Der neuseeländische Physiker Ernest Rutherford begründete 1911 ein neues Atommodell, nach welchem ein Atom aus einem Kern und einer Hülle besteht. Dabei liegt fast die gesamte Masse im sehr kleinen Kern und in der Hülle befinden sich lediglich die Elektronen. Das Atom ist also zu großen Teilen „leer“. Herausgefunden hat Rutherford dies mithilfe seiner berühmten Streuversuche, die er mit Hans Geiger und Ernest Marsden ab 1909 durchführte. Dabei wurde eine extrem dünne Goldfolie mit Alpha-Teilchen (Helium-Kerne) bestrahlt und beobachtet, wohin sich die Teilchen nach dem Auftreffen auf die Folie bewegen.
Aufbau
Als Alpha-Teilchen-Quelle dient ein radioaktives Präparat (1). Umgeben ist die Strahlungsquelle von einer abschirmenden Ummantelung, sodass die Alpha-Teilchen nur in die gewünschte Richtung entweichen können (2). Der Teilchenstrahl (3) trifft dann am Punkt 6 auf die Goldfolie (5), welche nur einige Atomschichten dick ist. Um die Goldfolie befindet sich ein Leuchtschirm (4). Trifft auf ihn ein Alpha-Teilchen, wird dies durch ein Leuchten sichtbar. Auf diese Weise war es möglich festzustellen, was mit den Aplha-Teilchen geschieht, nachdem sie auf die Folien trafen.
Beobachtungen
fast alle Teilchen passieren die Goldfolien ungehindert
nur wenige Teilchen bewegen sich nach dem Auftreffen auf die Goldfolie in eine andere Richtung
sehr wenige Teilchen werden an der Folie zurückgeworfen
In der obigen Abbildung sind diese möglichen Teilchenwege dargestellt (7). Wie groß die Ablenkung der Alpha-Teilchen aufgrund der Goldfolie ist, wird durch den sogenannten Streuwinkel angegeben. Dies ist der Winkel zwischen der Ausbreitungsrichtung des Teilchens nach dem Passieren der Folie und der geraden Bahn, wenn die Folie nicht vorhanden wäre. Gehen die Teilchen ungehindert durch die Folie, ist ihr Streuwinkel also 0°, werden die Teilchen gerade zurückgeworfen, ist ihr Streuwinkel 180°.

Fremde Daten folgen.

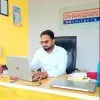 MUJAHID SHAIKH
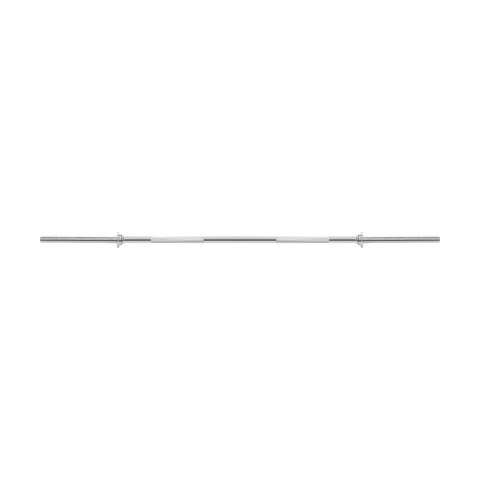 Gryf prosty, sztanga 150cm 5.6kg REBEL ACTIVE Gryf prosty, sztanga 150cm 5.6kg REBEL ACTIVE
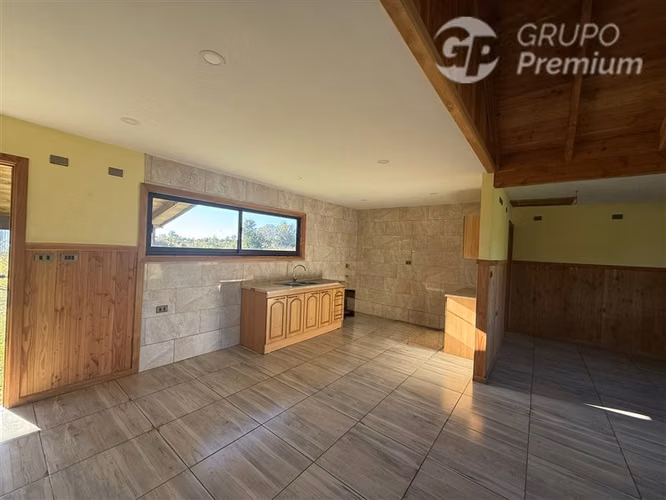 Venta-casa en Parcela-Villarrica /Hermoso Condominio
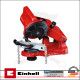 Láncélező gép   85 W 5500/perc - döntött irányú - Einhell (GC-CS 85 E)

größere Streuwinkel treten seltener auf
je größer der Streuwinkel, desto unwahrscheinlicher ist sein Vorkommen
Folgerungen
Zu dem Zeitpunkt der ersten Streuversuche galt das Atommodell von J. J. Thomson, nach welchem das Atom eine Kugel mit gleichmäßiger Massen- und Ladungsverteilung ist. Geht man von diesem Modell aus, können jedoch die Beobachtungen des Streuversuches nicht erklärt werden. Man könnte sich das Experiment dann vorstellen wie Bälle (Alpha-Teilchen), die auf eine Wand mit kleinen Löchern (Goldfolie) geschossen werden. Nur extrem selten würde eines der kleinen Löcher groß genug sein, dass ein Ball durch die Wand gelangen könnte, die meisten Bälle würden von der Wand zurückprallen.
Genau das Gegenteil konnte jedoch bei den Streuversuchen beobachtet werden. Das thomsonsche Atommodell konnte daher nicht zutreffen. Rutherford konnte schließlich aus der Verteilung der Streuwinkel berechnen, wie das Atom aufgebaut sein muss. Er kam zu dem Schluss, dass die Massen und die positive Ladung auf einen sehr kleinen Raum, den Atomkern, beschränkt sein müssen. Die eigentliche Größe des Atoms ist durch seine Hülle festgelegt. Diese ist jedoch fast leer, nur die extrem kleinen und leichten Elektronen befinden sich dort.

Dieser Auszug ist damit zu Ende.